■ Extracted information:
________________

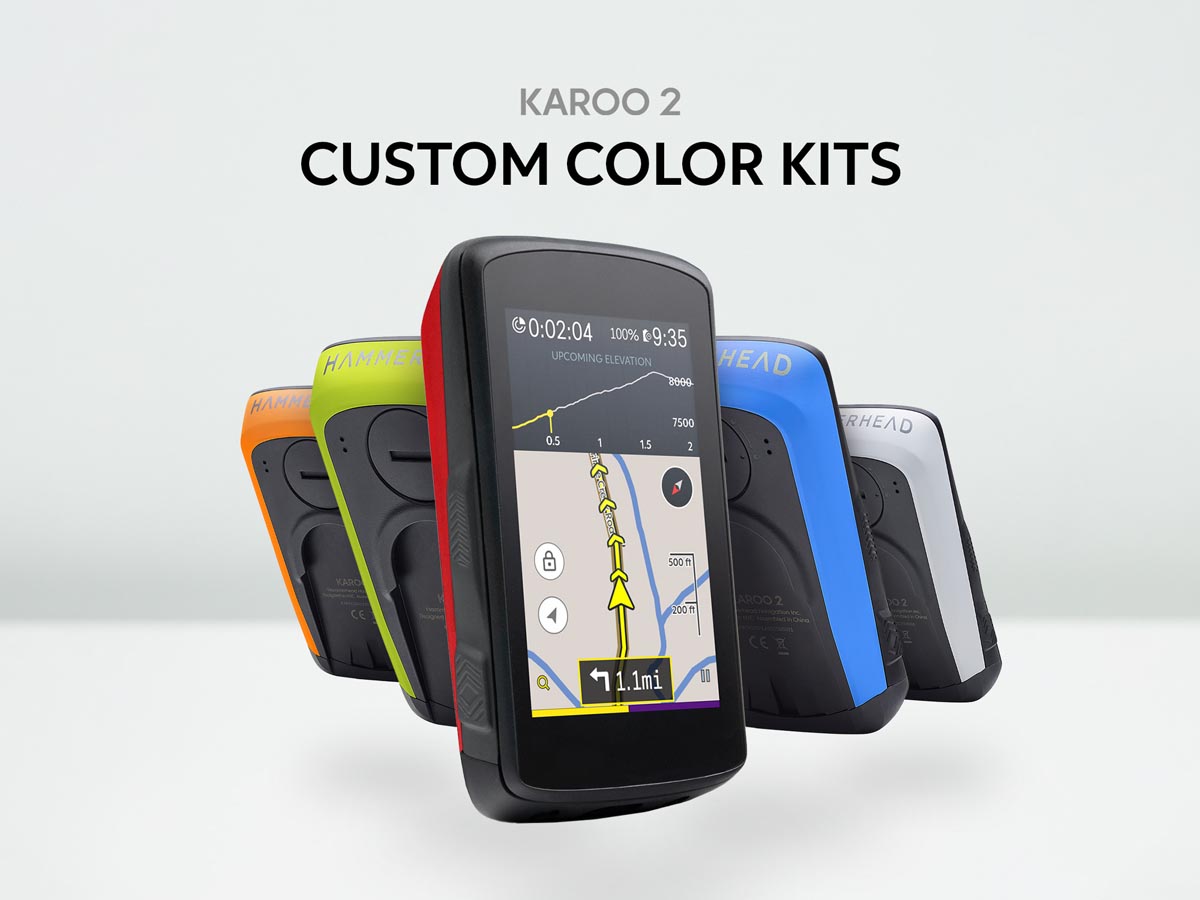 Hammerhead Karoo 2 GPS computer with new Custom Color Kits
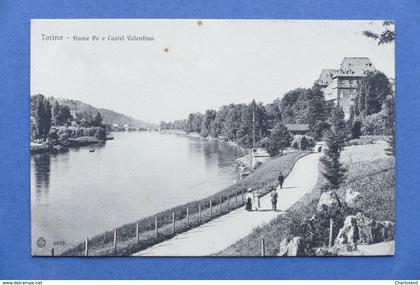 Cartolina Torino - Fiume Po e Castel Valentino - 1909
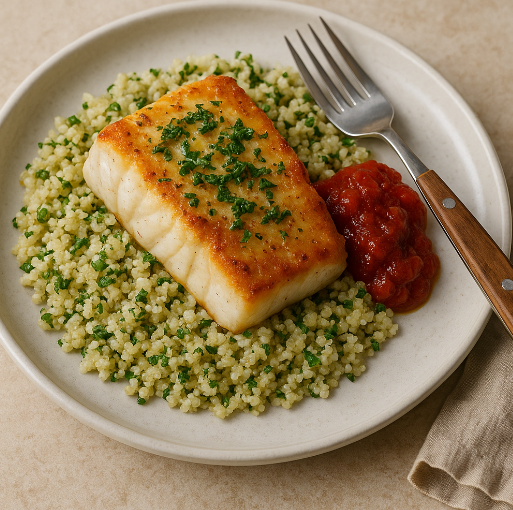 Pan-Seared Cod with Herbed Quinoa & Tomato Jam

________________

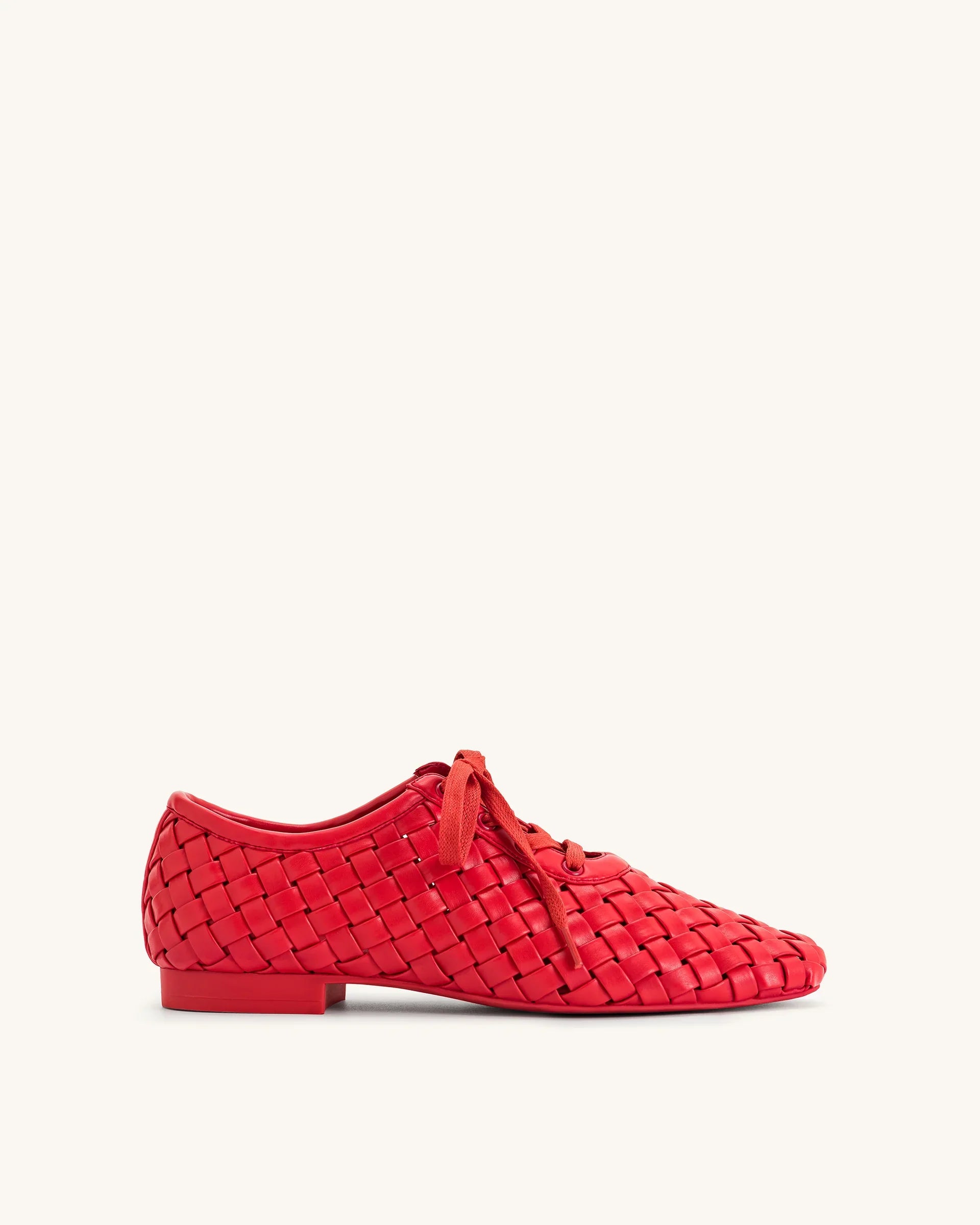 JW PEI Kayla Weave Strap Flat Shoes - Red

________________

An exact copy is needed of the entries above, starting at the line that holds "Hammerhead Karoo 2" and stopping at the line that holds "Pan-Seared Cod with", both kept; pictures stay out.

■ Written solution:
 Hammerhead Karoo 2 GPS computer with new Custom Color Kits
 Cartolina Torino - Fiume Po e Castel Valentino - 1909
 Pan-Seared Cod with Herbed Quinoa & Tomato Jam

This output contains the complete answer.